The Middleton-Cross Plains Area School District recently took the first step in returning its students and staff to in-person learning. On Feb. 1, nearly 11 months after virtual learning began, the district’s elementary schools began a hybrid instructional model where each student who elects to be in the universal model is in the building for two days a week.
Students are assigned to one of two cohorts and go to the school building on either Monday and Tuesday or Thursday and Friday, depending on their cohort. Students who chose to be in the fully virtual model are continuing to attend school online everyday, with some teachers assigned to the fully virtual model.
The school district has implemented a comprehensive list of coronavirus safety guidelines that students and staff are expected to follow while in the building, including physical distancing, masking, eating lunch in classrooms, limited bathroom capacity, and alphabetically assigned pick-up and drop-off times for parents who drive their kids to school.
With cohorts and all these safety protocols, school is not the same as it was last February, but a lot of things are familiar. Students get to see half of their classmates in person on days when they are in school, and they still get to go to all of their classes.
Robin Gaffaney, a first grade teacher at Sunset Ridge, was happy to see her students back in the classroom the day they returned to in-person learning.
“Personally, I felt very excited, just because these little kids are six and seven and I feel like having them in here and getting to see each other, even if we’re six feet apart and masked, was great for them socially, emotionally, and even academically, said Gaffaney.”
The transition has been exciting, but also mostly smooth and efficient. Teachers and staff ran through different scenarios before students returned to the building and the district set up safety materials everywhere. There are dots on the floor for distancing and lots of hand sanitizer and cleaning solution.

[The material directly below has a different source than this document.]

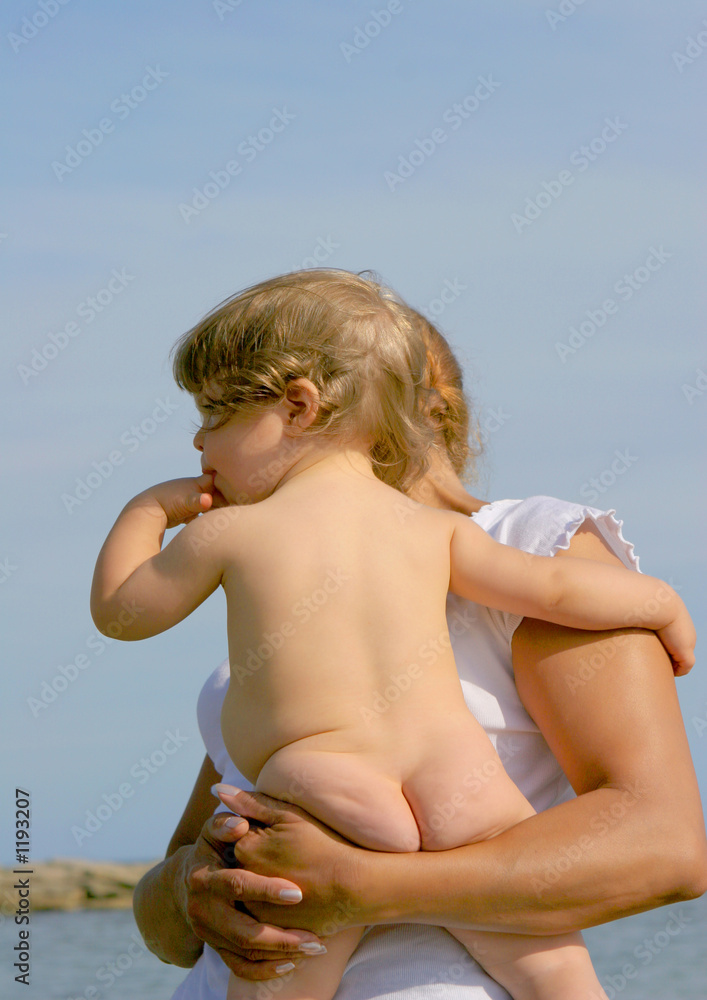 Foto de Bébé nu dans les bras do Stock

Because MCPASD is returning to the buildings later than many other schools, the district was able to learn from other schools that returned to in-person instruction earlier. MCPASD was able to implement strategies that have been successful at other schools before opening the doors to its students.
Elementary students have been very compliant with COVID safety protocols, keeping their masks on and making sure to stay six feet apart in the classrooms and hallways. “They walk down the hall and they automatically put their arms up,” Gaffaney said. “They’re so good about it, you just teach them one time. Once you teach them the protocol, they’re very good with that stuff.”

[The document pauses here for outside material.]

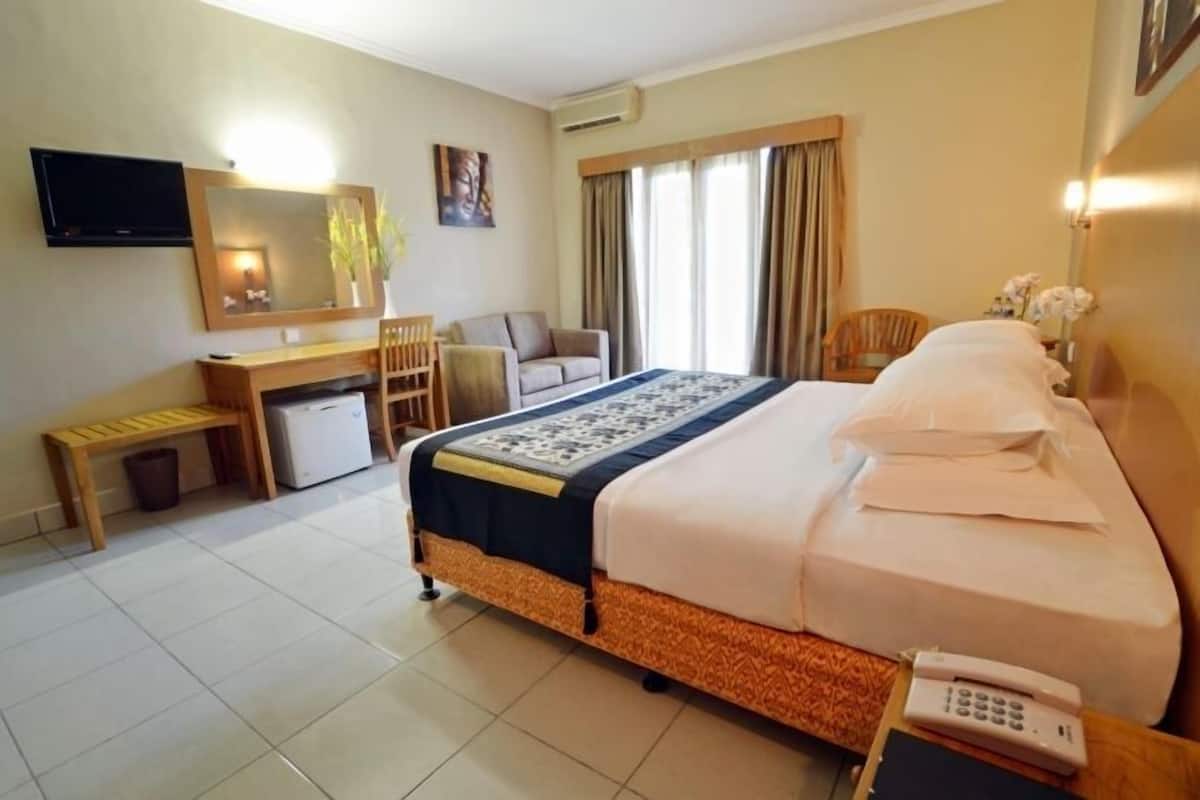 Una habitación de hotel con cama, escritorio, silla, televisor y teléfono.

Gaffaney’s first grade students are learning together most of the day now, both “zoomers and roomers.” Students whose cohort is at home for the day Zoom into the classroom for a few classes each day and complete some work asynchronously, but each week they phase in new classes to Zoom into live. Eventually, all learning will be synchronous with students in the classroom and at home getting instruction from their teacher at the same time.
Even though they have returned to being in the building half of the days, students at the elementary schools will still be missing out on a few things that COVID safety prohibits. There are not any assemblies, hundredth day celebrations between classrooms, or reading buddies from a different grade, but teachers are working hard to make sure that even though they’re restricted to the classroom, kids are having as much fun as possible.
After a successful elementary school transition, the middle and high schools can look forward to returning to school in a hybrid model in the next few weeks, with the middle schools returning on Feb. 22 and the high school following on March 11.